01 November 2007

GUINEA: Strike resumes, violence steps up

CONAKRY, 12 February 2007 (IRIN)

Mobs looted guns from police stations in Conakry over the weekend and began blocking roads and battling riot police and soldiers in various suburbs around the capital Conakry. The groups set up dozens more roadblocks on Monday and continued running battles with security forces.

Groups have also been seen attacking cars and passers-by, IRIN correspondents in Conakry said. Shops are being looted and residents in various suburbs said their houses were being broken into.

The latest fighting comes on the first day of a resumed general strike, after President Lansana Conte failed to meet demands to appoint a prime minister who did not come from his inner circle. The previous strike was suspended on 29 January after at least 59 people were shot dead in 18 days of anti-government protests in towns and cities throughout the country.

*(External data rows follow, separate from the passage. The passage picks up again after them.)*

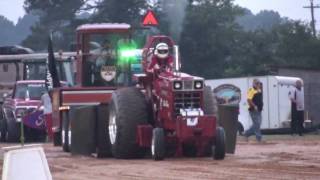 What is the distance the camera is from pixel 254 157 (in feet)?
61.9

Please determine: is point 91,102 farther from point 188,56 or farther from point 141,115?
point 188,56

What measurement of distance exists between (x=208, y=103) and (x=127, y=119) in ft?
5.00

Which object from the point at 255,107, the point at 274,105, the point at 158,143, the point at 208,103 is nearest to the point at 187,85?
the point at 208,103

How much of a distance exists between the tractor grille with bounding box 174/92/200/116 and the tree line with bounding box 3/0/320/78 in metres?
36.7

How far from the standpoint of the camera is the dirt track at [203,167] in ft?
48.4

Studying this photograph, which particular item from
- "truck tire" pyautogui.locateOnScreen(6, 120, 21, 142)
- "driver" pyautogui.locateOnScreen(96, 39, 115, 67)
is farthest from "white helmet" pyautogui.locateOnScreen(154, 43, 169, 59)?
"truck tire" pyautogui.locateOnScreen(6, 120, 21, 142)

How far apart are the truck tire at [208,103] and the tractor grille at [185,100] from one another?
0.67 feet

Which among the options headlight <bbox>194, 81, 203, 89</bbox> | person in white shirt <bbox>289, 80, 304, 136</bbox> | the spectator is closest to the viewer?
headlight <bbox>194, 81, 203, 89</bbox>

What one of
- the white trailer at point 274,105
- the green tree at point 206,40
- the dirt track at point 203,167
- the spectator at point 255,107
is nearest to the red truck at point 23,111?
the spectator at point 255,107

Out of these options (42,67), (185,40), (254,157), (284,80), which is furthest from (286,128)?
(185,40)

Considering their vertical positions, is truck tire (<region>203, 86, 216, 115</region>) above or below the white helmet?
below

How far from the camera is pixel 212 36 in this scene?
6334 cm

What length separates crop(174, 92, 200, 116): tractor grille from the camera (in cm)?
1808

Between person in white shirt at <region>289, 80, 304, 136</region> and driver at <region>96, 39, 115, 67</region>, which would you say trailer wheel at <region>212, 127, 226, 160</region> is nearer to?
driver at <region>96, 39, 115, 67</region> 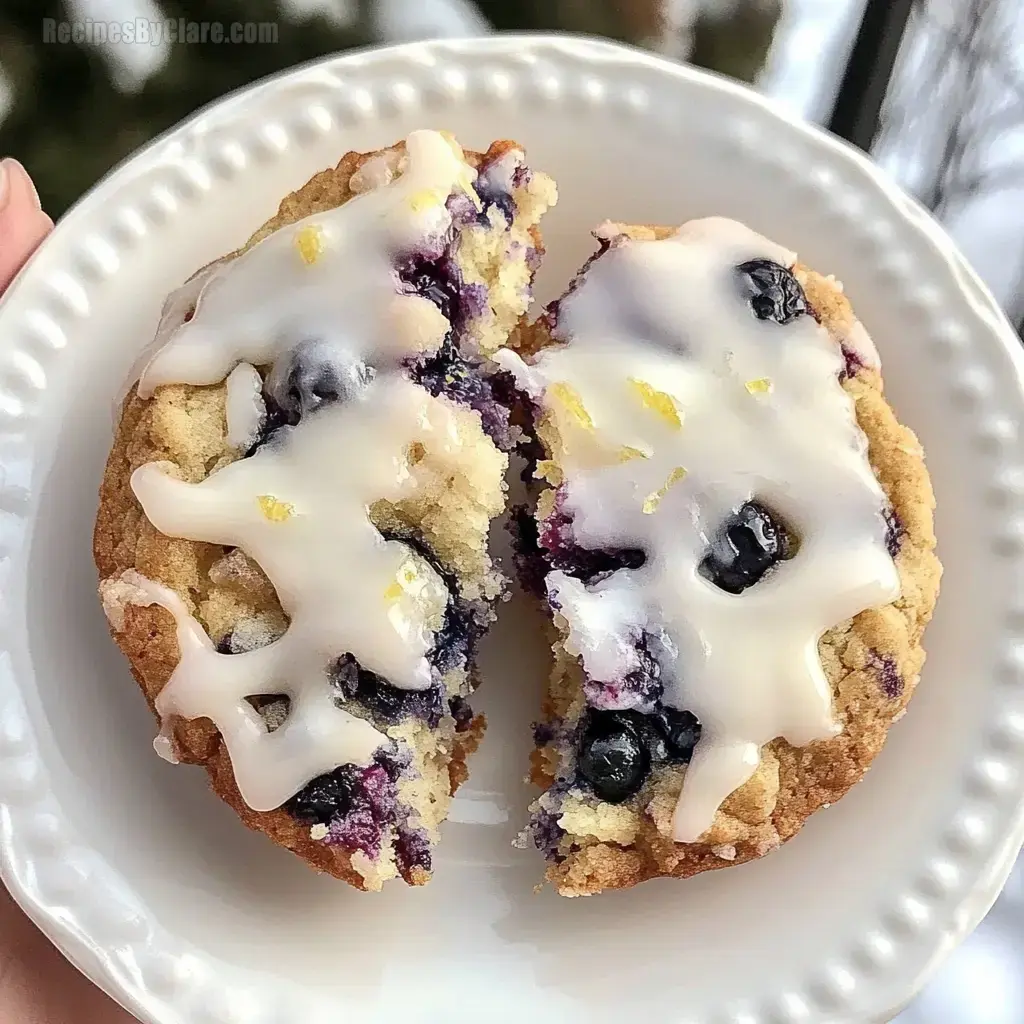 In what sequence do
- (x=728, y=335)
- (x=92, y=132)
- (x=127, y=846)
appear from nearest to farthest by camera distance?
1. (x=728, y=335)
2. (x=127, y=846)
3. (x=92, y=132)

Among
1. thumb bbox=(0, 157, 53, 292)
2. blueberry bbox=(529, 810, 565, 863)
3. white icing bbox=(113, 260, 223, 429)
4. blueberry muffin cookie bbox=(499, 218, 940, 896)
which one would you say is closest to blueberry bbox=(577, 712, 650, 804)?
blueberry muffin cookie bbox=(499, 218, 940, 896)

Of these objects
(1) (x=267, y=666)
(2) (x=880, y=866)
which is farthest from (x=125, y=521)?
(2) (x=880, y=866)

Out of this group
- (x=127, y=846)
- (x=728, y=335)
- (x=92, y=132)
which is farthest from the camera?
→ (x=92, y=132)

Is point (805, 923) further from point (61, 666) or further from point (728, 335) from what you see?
point (61, 666)

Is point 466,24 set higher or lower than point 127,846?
higher

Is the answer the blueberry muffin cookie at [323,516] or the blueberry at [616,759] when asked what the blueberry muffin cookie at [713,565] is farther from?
the blueberry muffin cookie at [323,516]

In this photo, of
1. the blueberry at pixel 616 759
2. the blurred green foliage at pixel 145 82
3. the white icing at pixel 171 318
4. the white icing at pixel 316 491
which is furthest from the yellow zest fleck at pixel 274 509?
the blurred green foliage at pixel 145 82

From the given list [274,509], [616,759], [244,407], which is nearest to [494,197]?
[244,407] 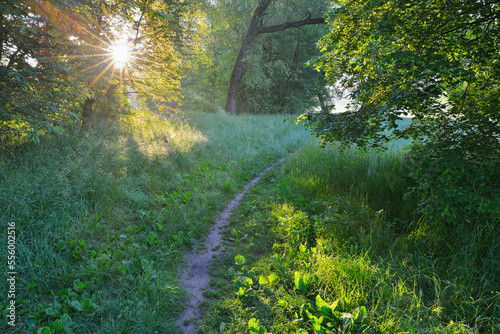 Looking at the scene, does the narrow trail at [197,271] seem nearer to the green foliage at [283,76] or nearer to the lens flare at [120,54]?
the lens flare at [120,54]

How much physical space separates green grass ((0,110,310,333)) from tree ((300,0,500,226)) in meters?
3.56

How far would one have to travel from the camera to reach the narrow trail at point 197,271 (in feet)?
9.77


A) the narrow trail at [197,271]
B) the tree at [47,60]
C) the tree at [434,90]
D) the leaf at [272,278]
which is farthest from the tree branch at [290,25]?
the leaf at [272,278]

On Monday the headquarters of Liberte FM, one of two independent radio stations in the country, was ransacked by soldiers wearing red berets which identify them as members of the presidential guard. The station went off the air by mid-morning.

Then, around midday, shots were heard from inside the main army barracks in Conakry. Soldiers were demanding salary payments and promotions, senior army officials told IRIN. The matter was quickly settled after President Lansana Conte issued an edict promoting every soldier in the country by one grade.

In riots over the weekend, the houses of at least two government ministers were looted, as were the offices and houses of local officials in the regional capitals of Nzerekore in the southeast and Labe in the country’s centre. In the regional capital of Kankan, in the east, which saw some of the largest demonstrations and worst violence outside Conakry in January, protestors fought police on Saturday and broke open the city jail.

The violence and lawlessness is unprecedented in Guinea’s recent history. Regional analysts had considered the country to be politically stable with a security force that was so repressive that Guineans would rarely make public protests.

However, union leaders started calling strikes around a year ago to protest skyrocketing inflation and plummeting standards of living.